For conspicuous gallantry and intrepidity at the risk of his life above and beyond the call of duty while serving as a Platoon Leader in Company C, First Battalion, First Marines, First Marine Division (Reinforced), in action against enemy aggressor forces near Yongdungp'o, Korea, on 20 September 1950. Directed to attack hostile forces well dug in on Hill 85, First Lieutenant Commiskey, then Second Lieutenant, spearheaded the assault, charging up the steep slopes on the run. Coolly disregarding the heavy enemy machine-gun and small-arms fire, he plunged on well forward of the rest of his platoon and was the first man to reach the crest of the objective. Armed only with a pistol, he jumped into a hostile machine-gun emplacement occupied by five enemy troops and quickly disposed of four of the soldiers with his automatic pistol. Grappling with the fifth, First Lieutenant Commiskey knocked him to the ground and held him until he could obtain a weapon from another member of his platoon and kill the last of the enemy gun crew. Continuing his bold assault, he moved to the next emplacement, killed two or more of the enemy and then led his platoon toward the rear nose of the hill to rout the remainder of the enemy.
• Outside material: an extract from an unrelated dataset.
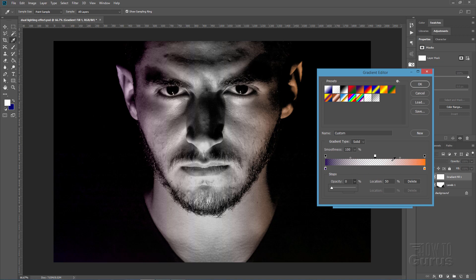So you need to bring back the opacity on those. So these opacities on the ends here, that one and this one, these are at 100%. And then it's zero right here. So grab this opacity slider on the left hand side.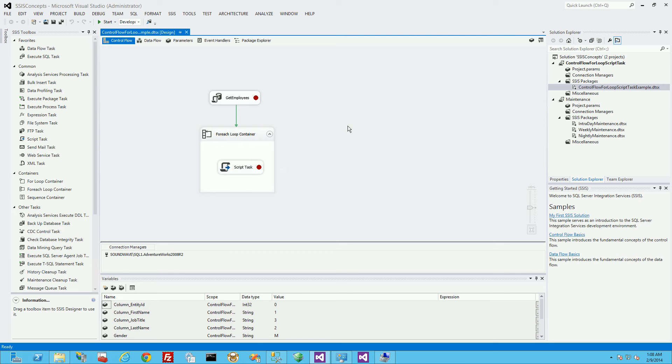Hi, so in a previous video I created this SSIS package from scratch and I'm going to show you how to debug it in this video.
His valiant leadership and courageous fighting spirit served to inspire the men of his company to heroic endeavor in seizing the objective and reflect the highest credit upon First Lieutenant Commiskey and the United States Naval Service.

/S/ Harry S. Truman

===Military decorations===
Commiskey was awarded the following decorations:

| Badge | Naval Aviator Badge |  |  |
| 1st Row | Medal of Honor | Purple Heart with two gold stars | Navy & Marine Corps Commendation Medal with Combat "V" |
| 2nd row | Combat Action Ribbon | Presidential Unit Citation with two bronze stars | Marine Corps Good Conduct Medal |
| 3rd row | American Campaign Medal | Asiatic-Pacific Campaign Medal with one bronze star | World War II Victory Medal |
| 4th row | Navy Occupation Service Medal with Asia clasp | National Defense Service Medal with one bronze star | Korean Service Medal with three bronze stars |
| 5th row | Korean Presidential Unit Citation | United Nations Korea Medal | Korean War Service Medal |

===Namesake===
On June 5, 2004, a United States Postal Service facility in Hattiesburg, Mississippi, was officially named the "Major Henry A. Commiskey Sr., Post Office Building".